Face à la violence, il faut éviter les sentiments de fatalité et d’impuissance, car ceux-ci profitent toujours aux puissants. Ce sentiment d’impuissance peut sembler justifié tant à la lumière des intérêts économiques énormes qui sont mobilisés par la guerre, le moindre n’étant pas les ventes d’armes, que par la longue tradition de culture de la violence dont l’expression s’étend de la violence domestique à la survivance de la peine de mort. Il faut affirmer d’une voix forte que les choses peuvent changer, qu’il est possible de vivre en paix. Et pour atteindre ce but, nous exigeons de participer sur un pied d’égalité à la vie publique et à la prise des décisions d’ordre politique.

Les femmes sont conscientes de la valeur de la vie

Les femmes comprennent quels sont les soins nécessaires pour développer la vie de manière adéquate. Nous connaissons la difficulté et les efforts requis pour élever un être humain afin qu’il devienne un adulte capable et libre. Pour cela, nous devons nous prononcer collectivement contre une culture fondée sur la compétition, dont l’objectif est l’accumulation des richesses, et pour laquelle la virilité s’incarne dans l’oppression des faibles. Une culture qui ne respecte pas la vie comme étant le bien le plus important et qui traite les personnes, quel que soit leur sexe ou leur âge, comme des objets ou des marchandises, détruisant les liens de solidarité et de chaleur sans lesquels il est impossible de vivre pleinement en tant qu’être humain. C’est pourquoi nous voulons que d’autres valeurs prédominent dans notre vie personnelle, sociale et politique: des valeurs qui accordent la première place aux droits inaliénables de l’individu, qui considèrent la différence comme faisant partie du patrimoine collectif et qui privilégient le dialogue et le consensus comme moyen de résolution des conflits intervenant inévitablement entre les individus et les groupes humains.

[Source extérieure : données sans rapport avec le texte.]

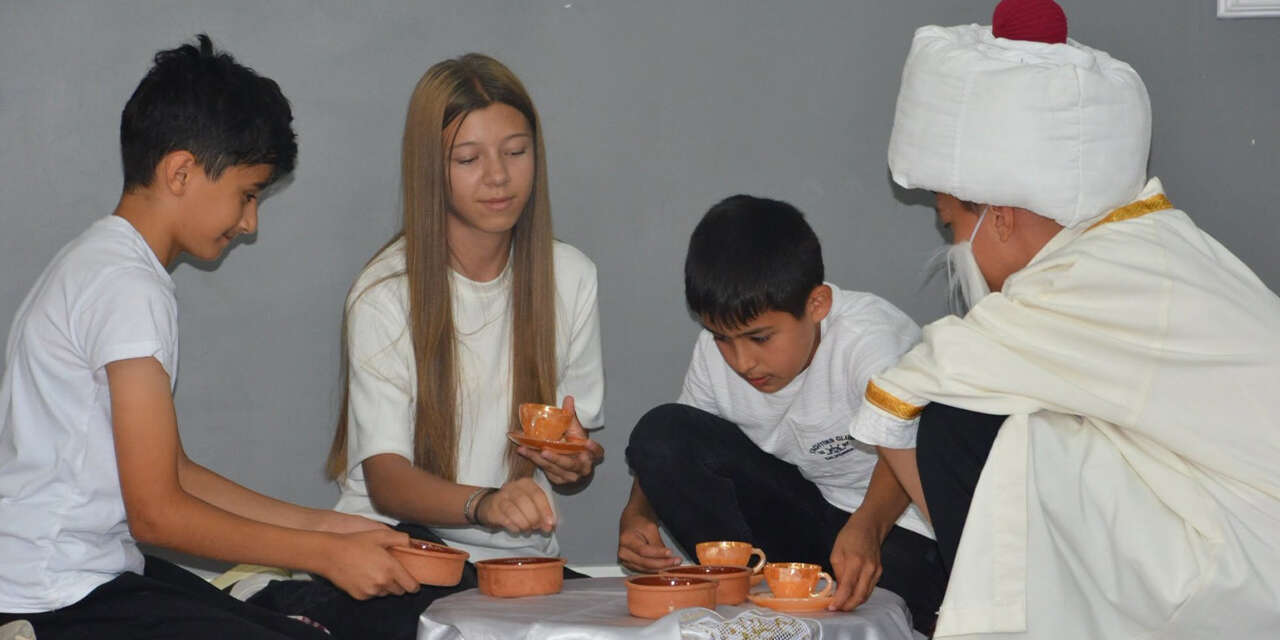 ortaokul-ogrencilerinin-sergisi-hayran-birakti-3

Nous devons en tant que citoyennes et citoyens, profiter de la liberté dont nous disposons pour exprimer notre refus individuel et collectif de la culture de la violence. Une culture qui imprègne le marché et l’éducation, les affaires et les relations entre les êtres humains, qui militarise la vie des peuples et qui, lorsque elle entre en éruption sous forme de conflit armé, entraîne des coûts incalculables en termes de vies humaines et de biens économiques, détruisant toute perspective future de coexistence et d’intégration sociale.

L’ISF propose, en ce 8 mars 2000, d’envoyer ce message à tous les citoyens, en particulier aux représentants des mouvements et institutions qui travaillent à favoriser une culture de la paix et qui luttent contre la culture de la violence. Nous le ferons de tous les points du globe, dans tous les domaines d’activité, par des moyens intellectuels et dans la rue, au moyen des processus éducatifs formels et informels, par l’intermèdiaire des institutions publiques et des partis politiques, dans les mouvements de solidarité et les entreprises.

Nous appelons les citoyennes et citoyens du monde entier, quel que soit leur âge, à se joindre à cette lutte pour instaurer une authentique culture de la paix.